The arrival of exchange-traded funds (ETF) options on the SSE 50 Index ETF and SSE 180 Index ETF set to be launched in early August in China’s derivatives market has been well received by market players as they will help to grow the pie bigger for structured products.
The Shanghai Stock Exchange (SSE) released guidelines in July about the risk control, collateral management and position limits of ETF options in preparation to the launch.
“We have just started issuing equity-linked notes but all the products in the market are linked to the CSI300 index so far,” said Yang Lu, senior associate of equity derivatives business at CITIC Securities. “After the introduction of the ETF option, we may also issue notes that are linked to the SSE 50 index and SSE 180 index.”

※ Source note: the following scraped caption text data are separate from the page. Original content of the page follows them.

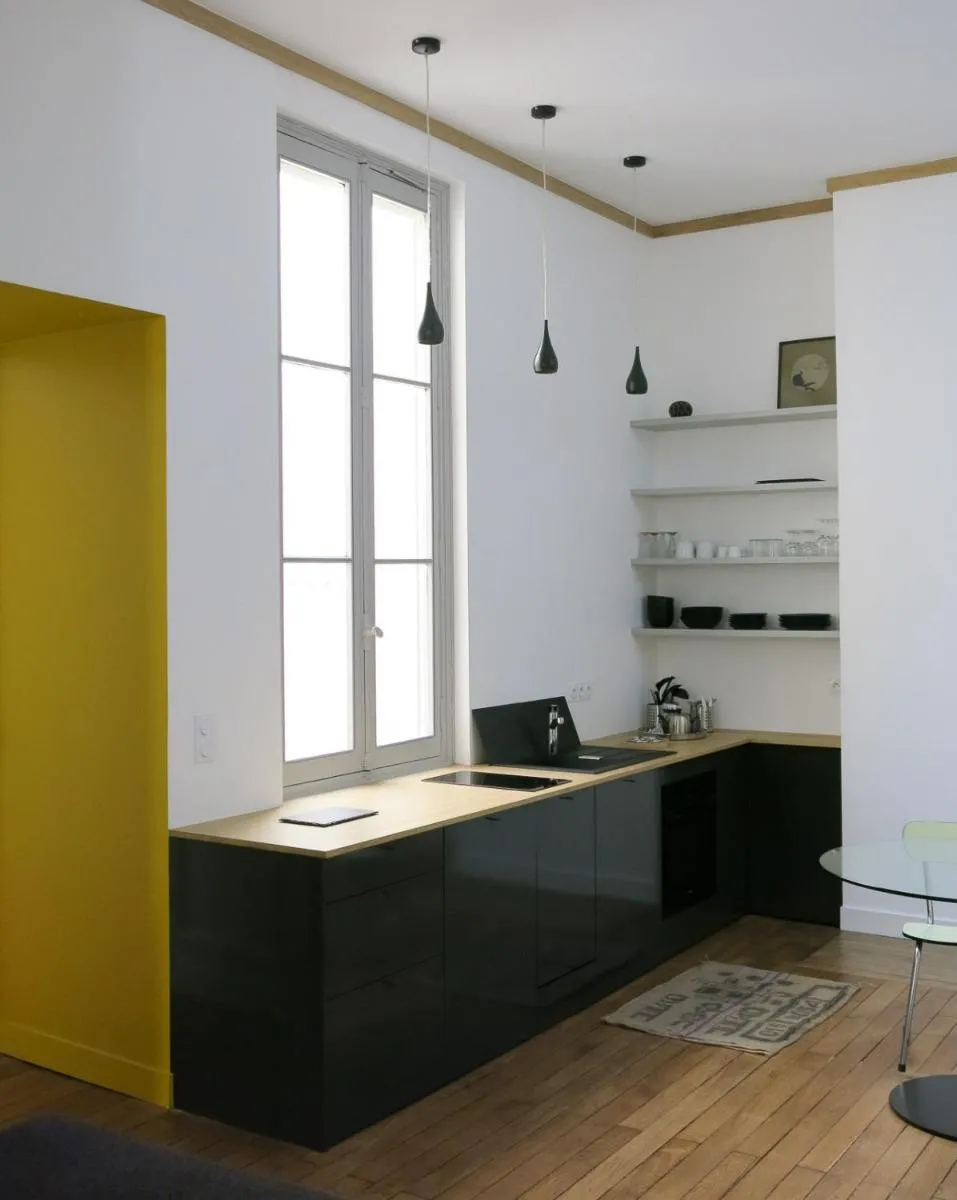 Image 1 of Studio atypique au cœur du Bordeaux historique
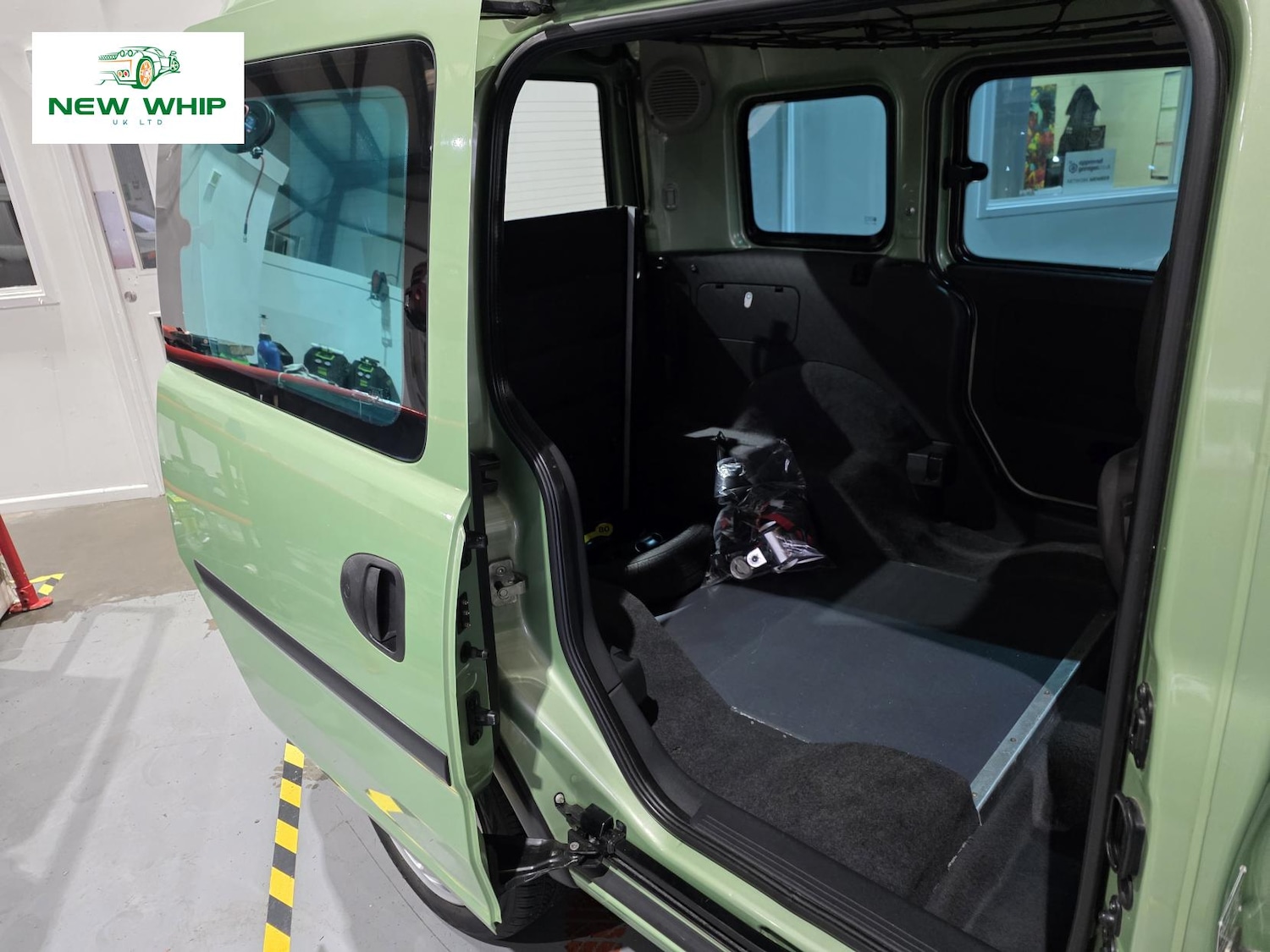 Used Vauxhall Combo 2010 for sale - 78046030: Photo 30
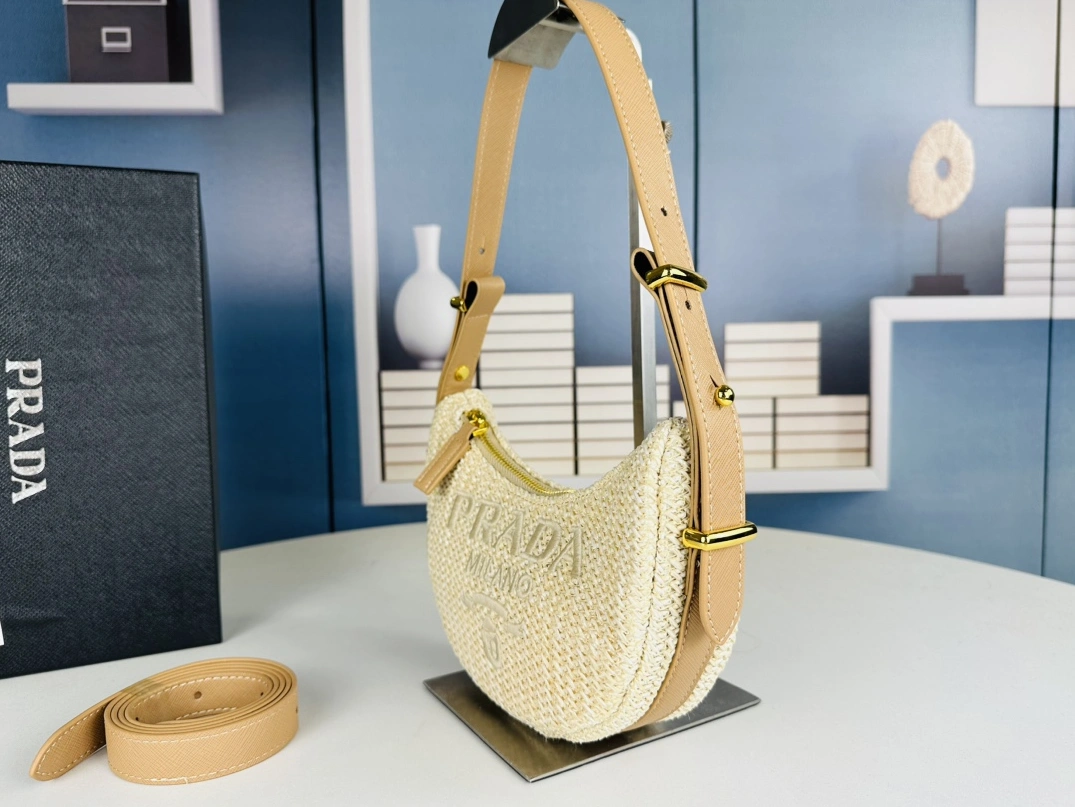 Unique 2314 Prada AAA Quality Shoulder Bags For Women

Earlier this year, the market geared up for the launch of stock index options, but China’s regulator seems to have turned its back on them by giving the green light to ETF options first.
Lu said that the reason for the regulator’s choice may be related to the fact that ETF options have a low risk of price fluctuation and are easier to manage.
“No matter if it is an ETF option or a stock index option,” said Lu. “The introduction of the new derivatives will prompt the market by offering more investment choices and help the pie of structured products market grow bigger.”
According to the regulator’s guidelines, investors are divided into individual and institutional investors. The maximum volume of a single option is no more than 500 creation units for individual investors and 1,000 creation units for institutional investors.
Huaxia SSE 50 ETF is the first ETF in China and has CNY21bn ($2.7bn) of assets under management, while the size of Hua An SSE 180 ETF is CNY12bn ($1.5bn).